Deploy manually to GitHub Pages with Docusaurus' deploy command:
cd website
ORGANIZATION_NAME=<github-user-or-org> \
PROJECT_NAME=<github-pages-repo> \
DOCS_URL=https://<github-user-or-org>.github.io \
BASE_URL=/<github-pages-repo>/ \
GIT_USER=<github-username> \
npm run deploy
For SSH-based deployment, use REMOTE="git@github.com:${ORGANIZATION_NAME}/${PROJECT_NAME}.git" when initializing the branch, then deploy with SSH:
cd website
ORGANIZATION_NAME=<github-user-or-org> \
PROJECT_NAME=<github-pages-repo> \
DOCS_URL=https://<github-user-or-org>.github.io \
BASE_URL=/<github-pages-repo>/ \
USE_SSH=true \
npm run deploy
PROJECT_NAME is the GitHub repository Docusaurus pushes to. BASE_URL must match where browsers load assets. For the production custom domain download.edgewatch.com, use DOCS_URL=https://download.edgewatch.com and BASE_URL=/ (see npm run deploy:production in website/README.md). For default GitHub project pages at https://edgewatch.github.io/bastion/, use BASE_URL=/bastion/. Deploying with /bastion/ while serving on the custom domain root causes missing CSS.

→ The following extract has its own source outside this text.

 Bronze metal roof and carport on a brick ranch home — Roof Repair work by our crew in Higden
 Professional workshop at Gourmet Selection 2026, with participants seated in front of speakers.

Then configure the GitHub repository's Pages source to publish from the gh-pages branch. The generated website/static/.nojekyll file is copied into the static build output so GitHub Pages does not run Jekyll over Docusaurus assets.
Organization pages repository
If deploying to <github-user-or-org>.github.io, use a root base URL:
ORGANIZATION_NAME=<github-user-or-org> \
PROJECT_NAME=<github-user-or-org>.github.io \
DOCS_URL=https://<github-user-or-org>.github.io \
BASE_URL=/ \
npm run deploy
Manual static copy alternative
If you do not want Docusaurus to push for you, build the site and copy website/build/ into a checked-out GitHub Pages deployment repository or branch:
cd website
npm run build
rsync -a --delete build/ /path/to/github-pages-checkout/
cd /path/to/github-pages-checkout
git add .
git commit -m "Update documentation site"
git push
That approach is useful when the source repository remains GitLab-only and a separate GitHub repository owns Pages hosting.